Why do I again scold our industry for its lack of women in the top management position of the top meat and poultry companies in the United States or of having greater representation on their boards?

Simple, I want to sell more meat and poultry, and it has been my experience that woman know how to do that better than men.  Further, I have found that women are better managers of food companies than men.  See two examples below.  But, it’s been three years and no women have been promoted to the top of our largest meat and poultry companies!

I only hope that the smaller companies in our industry are more progressive with regard to hiring and promoting women to their top positions.  However, four companies control nearly 80 percent of all the beef marketed in the United States, thus my reason for challenging them.

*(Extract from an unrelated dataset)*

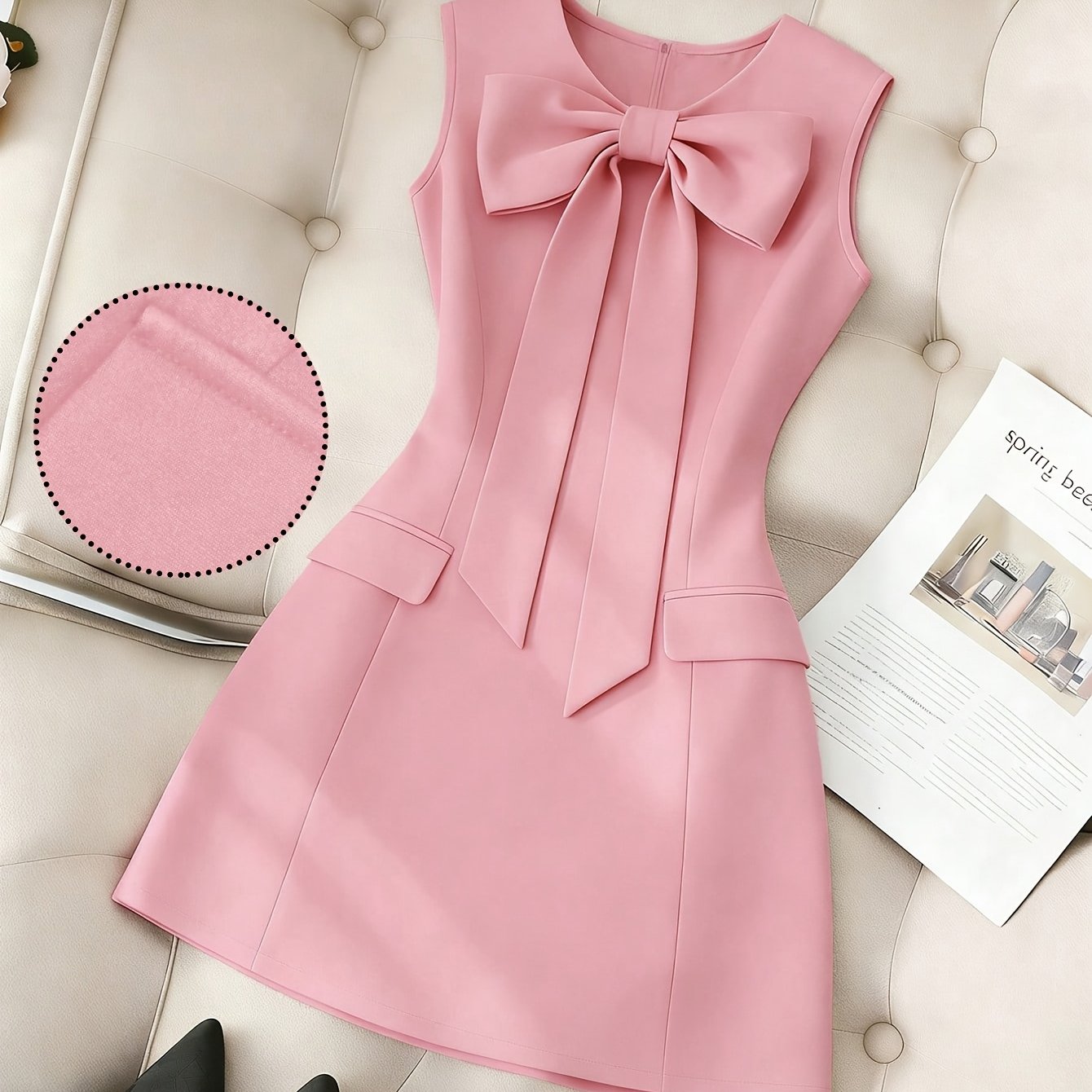 TEMU Ladies' Elegant Bow Simple Dress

There needs to be a concerted effort within our meat and poultry companies to attract, train and promote women in preparation for the top management position.  However, the lack of equal gender representation on boards and the lack of a woman in the top position in the largest meat and poultry companies would seem to belie any effort to find and promote women. 

As a comparison, what representation do women hold elsewhere in our society?

Recently there are an increasing number of women physicians, lawyers and those earning Ph.D.’s in the technical and science fields.  Compared to 25 years ago, there are more women on the Supreme Court and in the US Congress.  Why not in our industry?

In my view, this lack of women in our top companies is a transcendent meat and poultry marketing issue.  If we expect to grow our protein businesses in the 21st century, we need to have more women running these companies.

Please remember, a woman still usually makes the food purchase decisions in our society.  Who better to understand this fact, develop programs to satisfy these needs, adjust a company’s priorities, goals and strategies and provide direction to these companies than a woman?

But, it is much, much more than just women designing marketing programs.  It is women causing our industry to advance and sell more meat and poultry because these companies will be better managed and more successful.

Examples of women leading large successful food companies would include Irene Rosenfeld, CEO Kraft Foods.  Appointed in 2006, she has helped Kraft revitalize itself with acquisitions.  Indra Nooyi, appointed CEO of PepsiCo in 2007 has led it to surpass Coca Cola in market value for the first time in 112 years.  And, there are others.

Maybe a precursor to more women in meat company leadership is the selection of Julie Anna Potts as the North American Meat Institute’s (NAMI) CEO, which carries on the NAMI governance tradition started by Rosemary Mucklow.  We can only hope.